(Entries taken from a collection)
*** Begin section ***
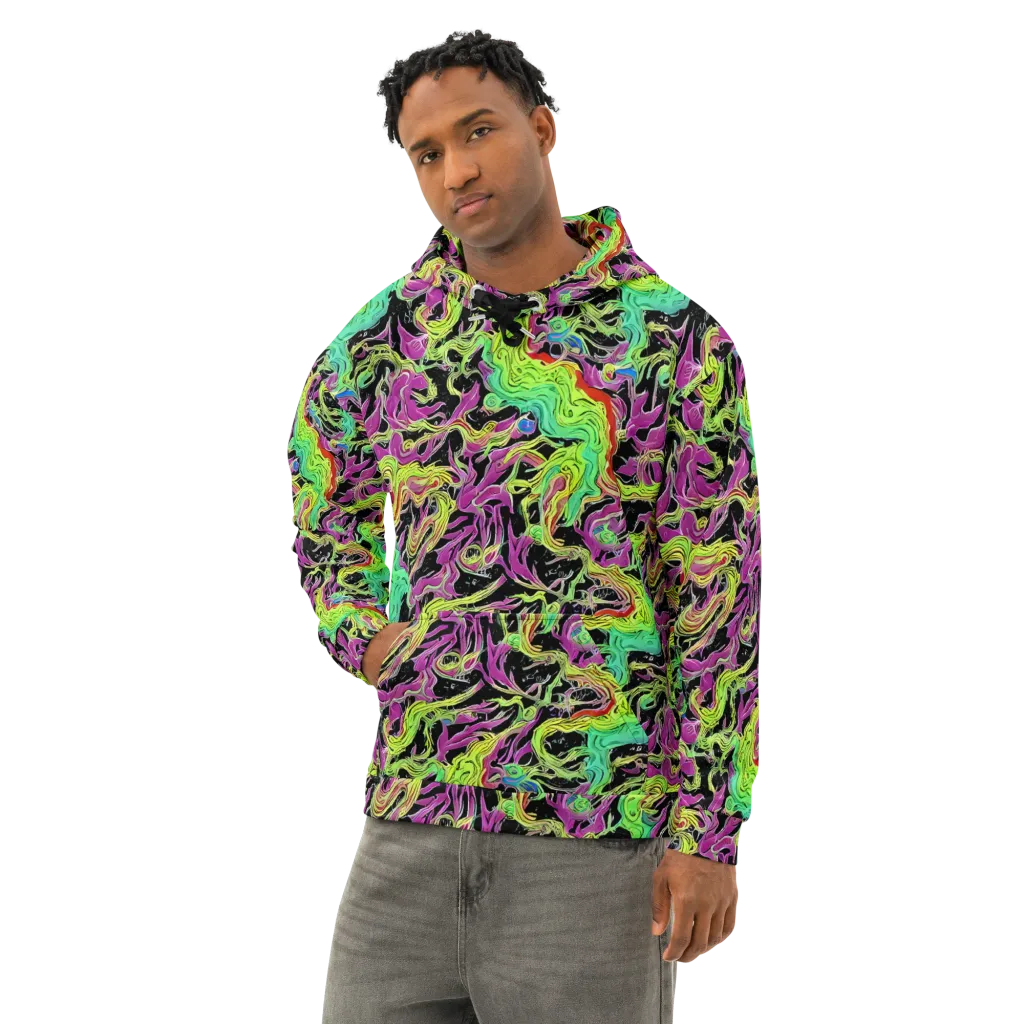Limefire Spiral on Cotton Hoodie — Left Front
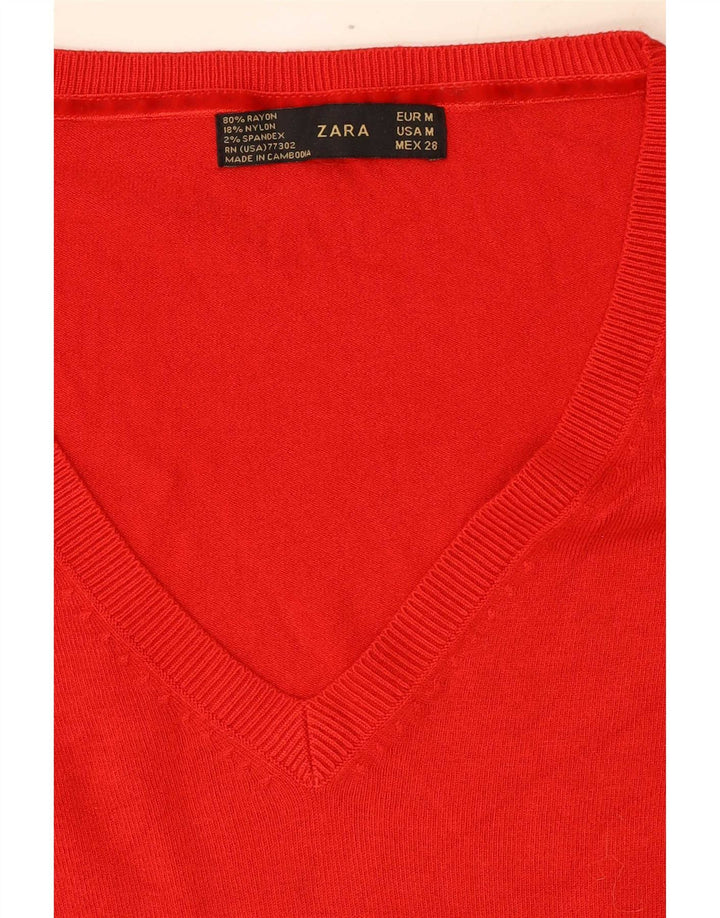 Zara Pull col V pour femme UK 12 Rayonne rouge moyen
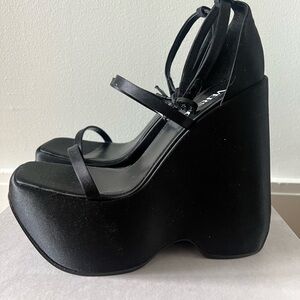Black Versace Triplatform 160mm Satin Sandal
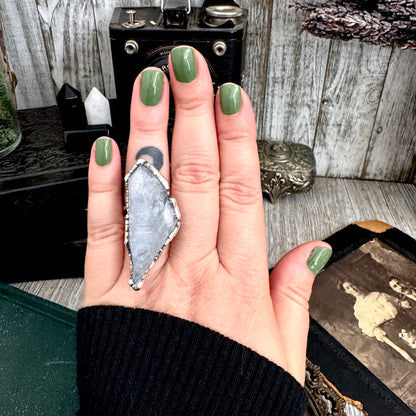 The Colossal Collection - Aqua Aura Quartz Crystal Ring Set in Fine Silver Size 8 / One of a Kind FOXLARK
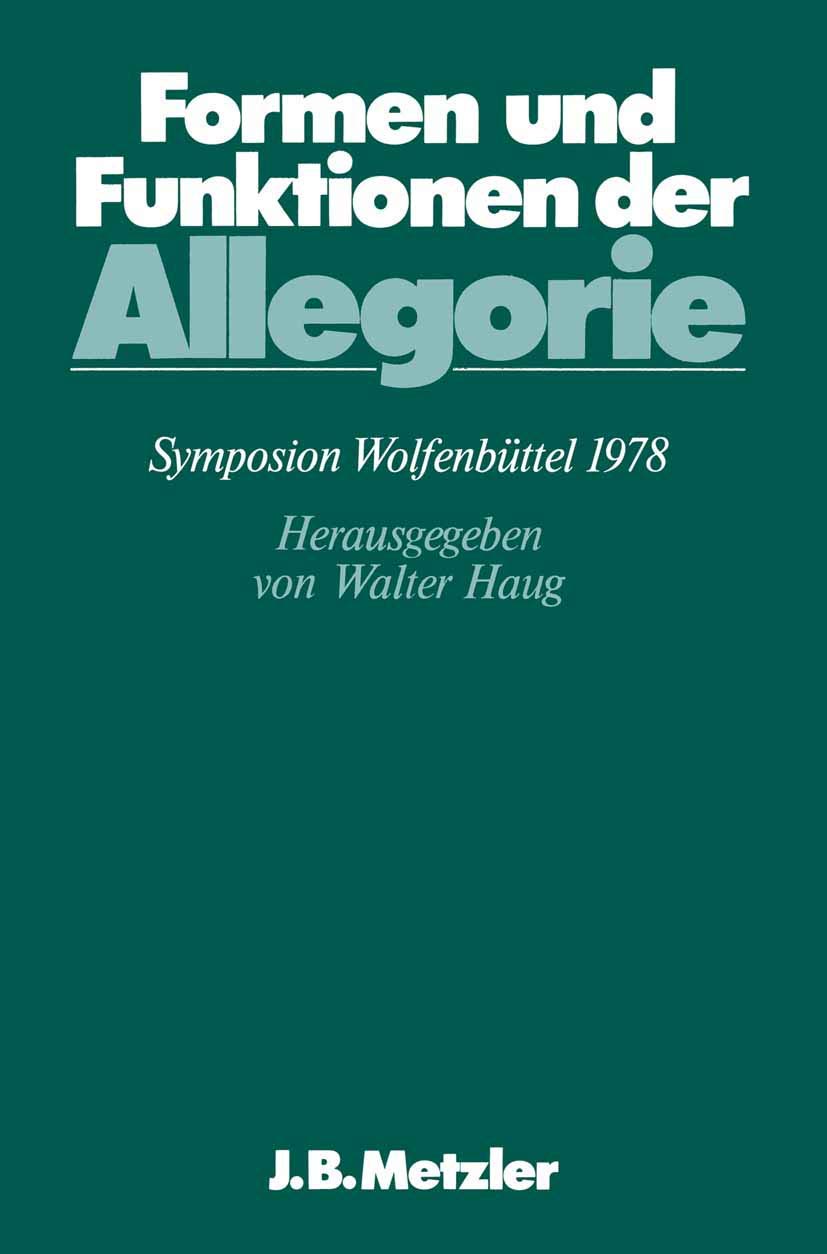 Formen und Funktionen der Allegorie Contemporary literature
*** End section ***
EXERCISE BRIEF: The records above must be output exactly, except for their pictures.

SOLUTION FOR THIS TASK:
Limefire Spiral on Cotton Hoodie — Left Front
 Zara Pull col V pour femme UK 12 Rayonne rouge moyen
Black Versace Triplatform 160mm Satin Sandal
 The Colossal Collection - Aqua Aura Quartz Crystal Ring Set in Fine Silver Size 8 / One of a Kind FOXLARK
 Formen und Funktionen der Allegorie Contemporary literature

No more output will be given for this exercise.